Project Genie may be a “cool research prototype” in Elliott’s eyes, but he predicts it will follow in the footsteps of other failed Google projects like the gaming platform Stadia. Google generated a lot of hype and excitement about Stadia, and even made some big hires to create teams to make games for it, but it all crashed and fell apart, with Stadia ultimately joining the Google Graveyard.

“Genie follows the same pattern of a flashy PR cycle followed by a research prototype phase with no viable path to a profitable consumer product,” Elliott said. “Genie will be in the Graveyard by 2028.”

The kinds of “games” that Genie can spit out in its current form are not viable game products, in part because Genie appears to be training its model on visual outputs instead of the all-important source code, Elliott believes.

“That’s sort of like trying to build a working Ferrari by looking at photos of a Ferrari. You might get the shape of the frame and color right, and it might look very pretty and impressive, but there’s no engine under the hood. All style, no substance,” he said.

Zelnick has said AI is a compelling technology for game development, but people are largely overstating what it can do. No one will be able to prompt an AI technology with, “Please develop the competitor to Grand Theft Auto that’s better than Grand Theft Auto” and have it deliver something good, he said. Humans will always be needed to make compelling art, and tools like AI may exist to help them, but never to replace human creativity completely, the CEO said.

A recent survey of game developers found that more than 50% of surveyed developers said they believe generative AI is a threat to the video game industry. More than 35% said they were already using generative AI in their processes.

Possible legal issues and bubbles

Genie could also run into plagiarism and copyright issues, which in turn could prompt a company like Nintendo, or theoretically any rights-holder who feels their work is being infringed upon, to take action.

“Nintendo’s lawyers are ruthless, and they’re not going to like this,” Elliott said. “Nintendo has a history of litigating against even fan-made projects using their assets and IP (like AM2R, Pokemon Prism, and Lost in Hyrule). A multi-billion-dollar corporation like Google using its IP to train a commercial AI is a completely different kettle of Magikarp,” Elliott said.

The AAA games business has a long list of serious and systemic issues that are all valid reasons for concern from investors. But Genie is not one of them, Elliott said.

There may be beneficial use cases for generative AI technologies in game development to help developers make games more efficiently, but Elliott said people should “not mistake a bit of efficiency for product evolution.”

“The reality is that generative AI carries every hallmark of a classic venture capital bubble. We’re witnessing billions of dollars in speculative investment chasing an ROI that simply hasn’t materialized,” he said.

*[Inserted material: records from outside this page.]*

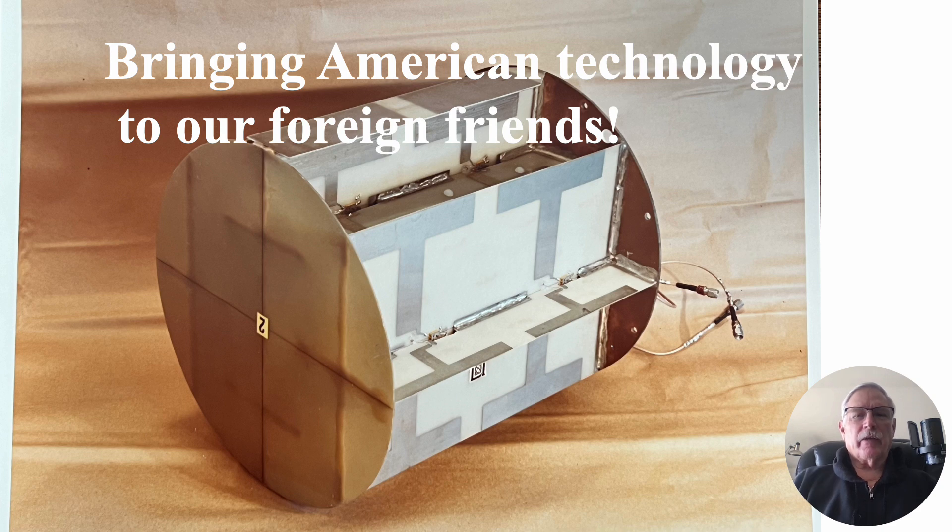Hi there, my name is Ron Rogers and this presentation is titled Bringing American Technology to Our Foreign Friends. I had a request from my electrical engineering friends that I've kind of neglected to talk a little bit more about some topics like this.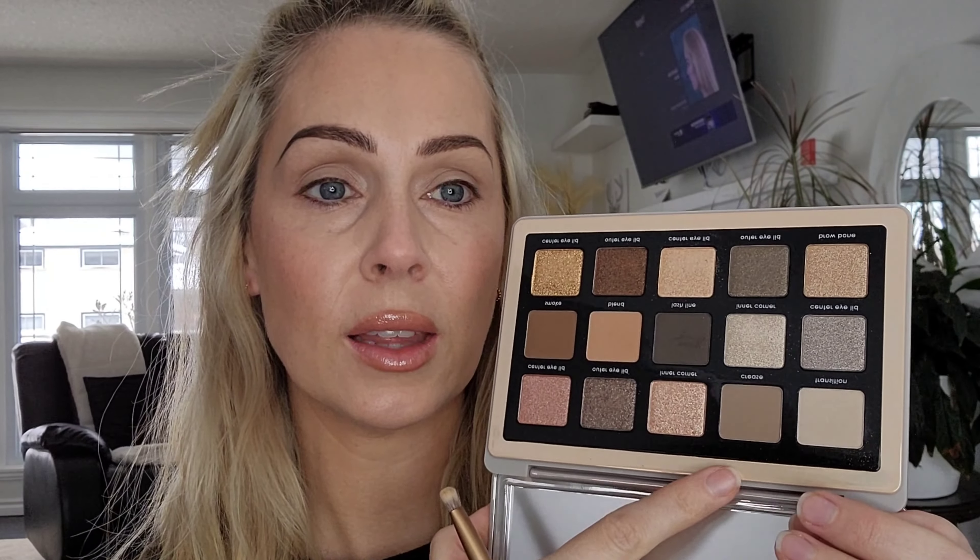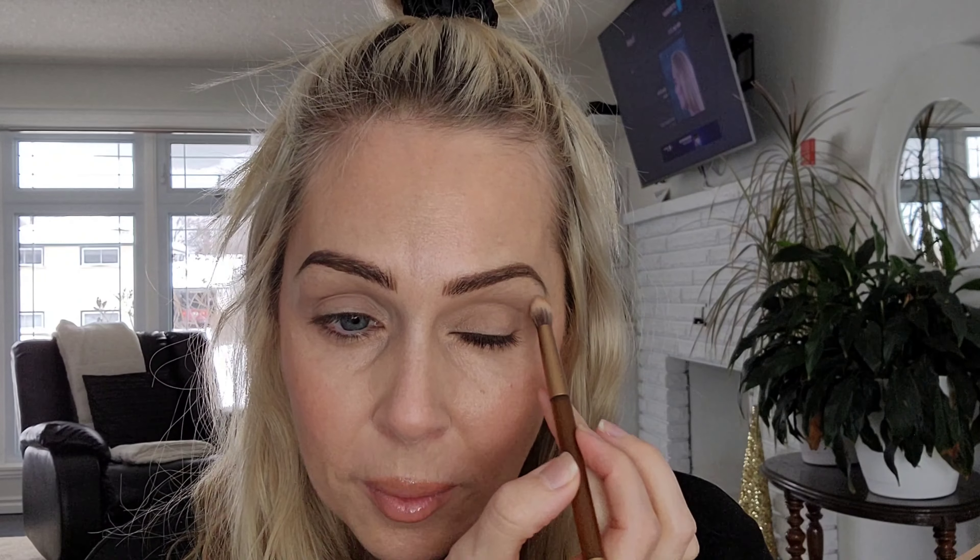I'm going to take this crease shade, which is also a cooler taupe. It was the first time that I worked out today in like over a month. I have had a hard time getting back into a routine, just because there's like no structure and you just don't know what's going down right now. So it was nice to actually get up and do that.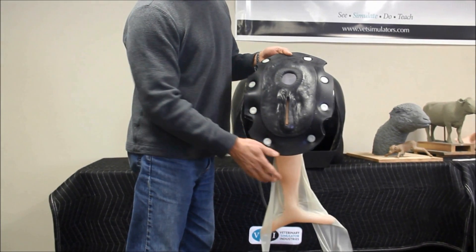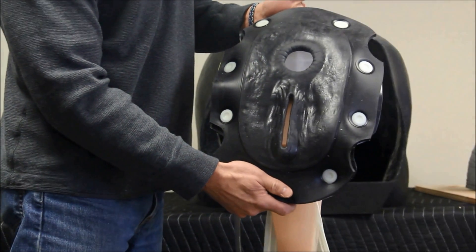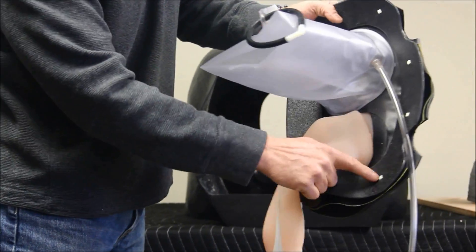This is the equine palpation assembly, which is also a replaceable part. It has a soft perineum panel with anal and vulva openings, which is mounted to an ABS plastic ring via plastic fasteners.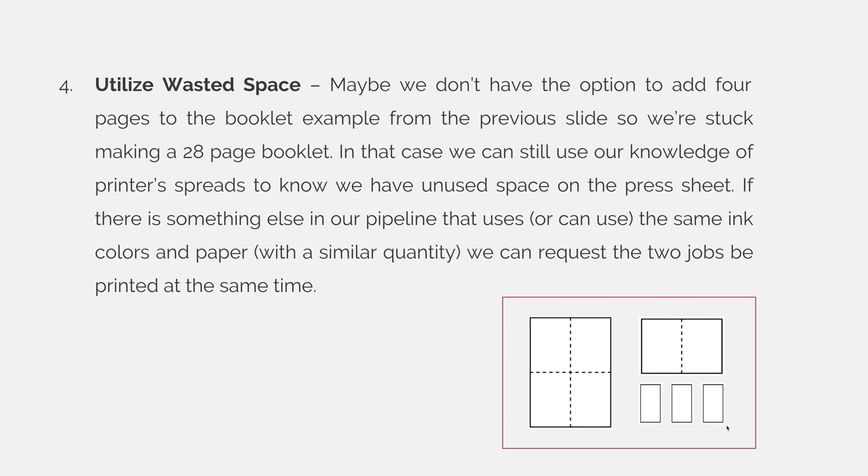And then you can distribute the cost to various clients. You can explain to them that they're going to run at the same time as another job in order to save them money, and it's value added for you and for the customer.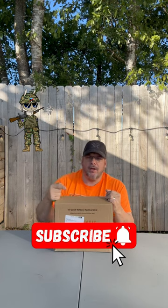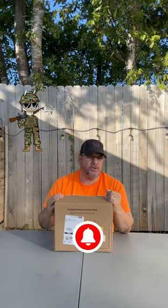Hey everyone, welcome back to the Tactical Llama. Today we're talking about tactical vests. Before we get going, make sure you like, subscribe, and share — hit that subscribe button. It only takes a quick second and it doesn't cost you anything. It helps out the channel.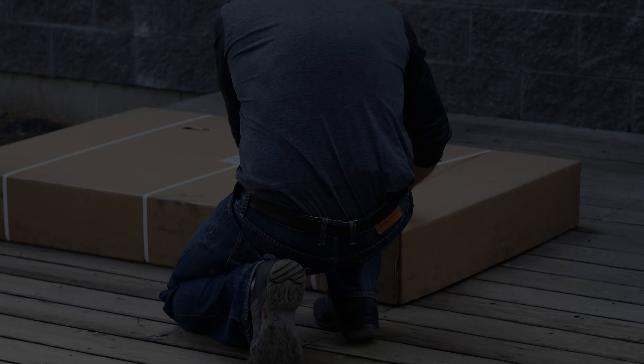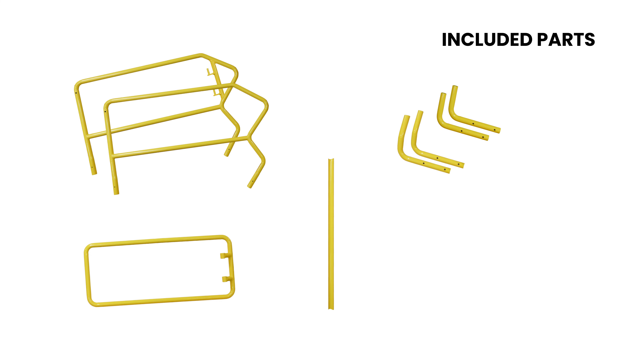Start by carefully cutting the straps on the box and removing the lid. Cut the packaging off of all the individual pieces. You should have the following: two side rails, two front feet and two rear feet, one gate, one back bar, and a hardware kit.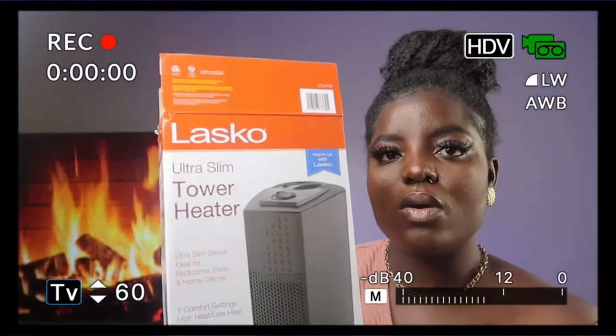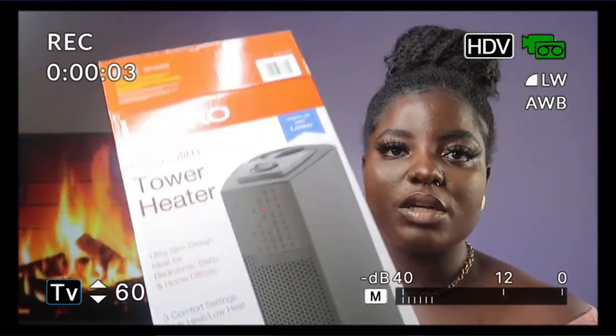Hi, welcome back to my channel. So today I'll be reviewing the last call, or Tris Lane Tower Heater. I'm going straight to the point: do not get it. I've tried so many heaters in the past and they are good, but this one I decided to try.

Technologies like Genie are coming out now because companies like Google and other giants are trying to “manufacture a new narrative” to hammer home with shareholders in an effort to generate market appreciation, when in reality, the technology may not actually work as promised at scale. This is part of the reason why some observers and experts in the wider technology space have said AI is a bubble set to pop.

“Profound ethical decay”

There is also the matter of ethics, Elliott said, pointing out that there is a “profound ethical decay at the heart of” a generative AI model that fundamentally devalues the medium of video games. Generative AI models train on publicly available assets, and don’t create anything new of their own, after all.

“If games prioritize high-speed, automated output over human intentionality, it risks trading away its creativity, its jobs, and its soul for a library of infinite, tasteless content,” he said. “If everything is procedurally generated by a machine that doesn’t understand fun, then nothing is actually worth playing.”